:: Task statement ::
Within the data that follows, set down exactly the lines from the one containing "Hotel Halber Mond 8/50" through the one containing "Snapshot of zenn_rush1", both ends included.

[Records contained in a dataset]
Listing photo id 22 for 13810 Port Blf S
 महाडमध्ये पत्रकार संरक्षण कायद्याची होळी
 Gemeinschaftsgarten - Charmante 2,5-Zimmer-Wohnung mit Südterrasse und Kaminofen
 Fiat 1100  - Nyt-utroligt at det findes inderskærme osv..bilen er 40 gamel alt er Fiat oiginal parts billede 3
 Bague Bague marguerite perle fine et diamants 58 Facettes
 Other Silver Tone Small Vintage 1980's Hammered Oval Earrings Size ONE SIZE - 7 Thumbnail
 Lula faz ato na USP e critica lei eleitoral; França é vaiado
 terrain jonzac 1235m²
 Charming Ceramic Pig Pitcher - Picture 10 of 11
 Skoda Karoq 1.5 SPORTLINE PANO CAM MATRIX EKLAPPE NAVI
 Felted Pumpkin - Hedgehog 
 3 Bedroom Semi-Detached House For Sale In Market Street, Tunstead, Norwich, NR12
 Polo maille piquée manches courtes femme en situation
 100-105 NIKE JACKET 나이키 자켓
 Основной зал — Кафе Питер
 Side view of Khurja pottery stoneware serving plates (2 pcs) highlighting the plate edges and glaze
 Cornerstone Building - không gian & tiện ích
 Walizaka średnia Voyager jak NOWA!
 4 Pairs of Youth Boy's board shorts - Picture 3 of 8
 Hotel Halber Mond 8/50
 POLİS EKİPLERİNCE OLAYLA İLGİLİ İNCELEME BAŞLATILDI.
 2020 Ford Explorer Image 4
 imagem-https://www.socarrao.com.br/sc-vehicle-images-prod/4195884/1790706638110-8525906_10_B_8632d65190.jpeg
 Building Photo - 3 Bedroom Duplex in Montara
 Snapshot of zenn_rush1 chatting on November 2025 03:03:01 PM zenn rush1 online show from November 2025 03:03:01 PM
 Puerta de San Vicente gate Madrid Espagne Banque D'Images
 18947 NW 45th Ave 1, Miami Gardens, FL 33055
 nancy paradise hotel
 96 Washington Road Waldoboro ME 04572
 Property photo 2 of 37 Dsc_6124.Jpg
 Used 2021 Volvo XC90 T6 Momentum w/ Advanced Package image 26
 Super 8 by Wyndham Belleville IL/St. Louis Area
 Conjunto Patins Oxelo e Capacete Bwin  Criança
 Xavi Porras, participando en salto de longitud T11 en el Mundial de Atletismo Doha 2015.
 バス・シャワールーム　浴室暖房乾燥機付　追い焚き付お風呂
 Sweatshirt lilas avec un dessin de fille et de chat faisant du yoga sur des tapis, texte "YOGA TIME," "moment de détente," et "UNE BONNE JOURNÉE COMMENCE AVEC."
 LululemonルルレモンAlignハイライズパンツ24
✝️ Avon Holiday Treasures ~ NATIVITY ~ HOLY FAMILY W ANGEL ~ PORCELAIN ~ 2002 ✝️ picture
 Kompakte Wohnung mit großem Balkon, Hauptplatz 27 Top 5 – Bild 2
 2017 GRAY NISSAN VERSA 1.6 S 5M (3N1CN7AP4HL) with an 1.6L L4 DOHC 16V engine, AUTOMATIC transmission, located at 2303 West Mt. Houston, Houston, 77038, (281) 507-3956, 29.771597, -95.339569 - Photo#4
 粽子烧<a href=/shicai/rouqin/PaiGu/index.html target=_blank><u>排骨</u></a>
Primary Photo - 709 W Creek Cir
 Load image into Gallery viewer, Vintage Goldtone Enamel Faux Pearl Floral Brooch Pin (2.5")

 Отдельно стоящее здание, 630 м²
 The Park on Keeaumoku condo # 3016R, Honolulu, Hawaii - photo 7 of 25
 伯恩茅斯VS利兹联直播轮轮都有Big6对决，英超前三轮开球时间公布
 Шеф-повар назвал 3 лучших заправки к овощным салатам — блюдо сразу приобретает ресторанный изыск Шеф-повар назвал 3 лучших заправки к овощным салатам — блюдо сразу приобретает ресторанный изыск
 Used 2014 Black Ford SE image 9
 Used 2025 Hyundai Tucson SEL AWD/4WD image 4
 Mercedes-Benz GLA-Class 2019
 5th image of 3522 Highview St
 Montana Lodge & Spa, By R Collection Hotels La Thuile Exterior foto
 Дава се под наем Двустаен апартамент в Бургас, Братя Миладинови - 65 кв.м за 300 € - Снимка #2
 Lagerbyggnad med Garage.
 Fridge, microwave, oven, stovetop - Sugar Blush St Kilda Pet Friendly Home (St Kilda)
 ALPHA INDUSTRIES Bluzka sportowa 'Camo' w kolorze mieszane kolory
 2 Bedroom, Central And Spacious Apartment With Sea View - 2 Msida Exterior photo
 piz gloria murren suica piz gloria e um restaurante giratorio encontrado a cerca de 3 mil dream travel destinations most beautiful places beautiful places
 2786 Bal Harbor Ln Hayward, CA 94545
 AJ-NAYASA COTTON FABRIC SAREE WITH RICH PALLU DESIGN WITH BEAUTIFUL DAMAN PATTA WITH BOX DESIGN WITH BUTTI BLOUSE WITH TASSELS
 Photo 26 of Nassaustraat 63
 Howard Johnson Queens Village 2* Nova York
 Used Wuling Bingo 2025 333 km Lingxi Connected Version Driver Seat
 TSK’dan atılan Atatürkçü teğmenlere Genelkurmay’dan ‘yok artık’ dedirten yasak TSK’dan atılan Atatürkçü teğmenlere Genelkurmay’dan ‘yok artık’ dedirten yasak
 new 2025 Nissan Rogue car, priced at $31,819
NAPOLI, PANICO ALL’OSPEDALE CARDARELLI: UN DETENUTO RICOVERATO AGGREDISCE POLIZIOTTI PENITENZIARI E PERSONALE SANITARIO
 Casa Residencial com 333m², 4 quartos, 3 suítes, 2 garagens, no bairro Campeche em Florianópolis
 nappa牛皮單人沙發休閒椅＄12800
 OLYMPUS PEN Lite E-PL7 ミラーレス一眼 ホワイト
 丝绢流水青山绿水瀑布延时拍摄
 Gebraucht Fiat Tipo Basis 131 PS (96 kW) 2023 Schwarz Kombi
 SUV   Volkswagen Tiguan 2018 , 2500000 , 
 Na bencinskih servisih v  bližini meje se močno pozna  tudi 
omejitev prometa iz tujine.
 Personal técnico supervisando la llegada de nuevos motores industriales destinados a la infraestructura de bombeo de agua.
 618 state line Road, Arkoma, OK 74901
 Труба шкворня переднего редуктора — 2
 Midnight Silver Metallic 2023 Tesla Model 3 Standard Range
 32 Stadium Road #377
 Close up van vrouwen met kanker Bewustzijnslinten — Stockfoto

:: Solved exercise ::
 Hotel Halber Mond 8/50
 POLİS EKİPLERİNCE OLAYLA İLGİLİ İNCELEME BAŞLATILDI.
 2020 Ford Explorer Image 4
 imagem-https://www.socarrao.com.br/sc-vehicle-images-prod/4195884/1790706638110-8525906_10_B_8632d65190.jpeg
 Building Photo - 3 Bedroom Duplex in Montara
 Snapshot of zenn_rush1 chatting on November 2025 03:03:01 PM zenn rush1 online show from November 2025 03:03:01 PM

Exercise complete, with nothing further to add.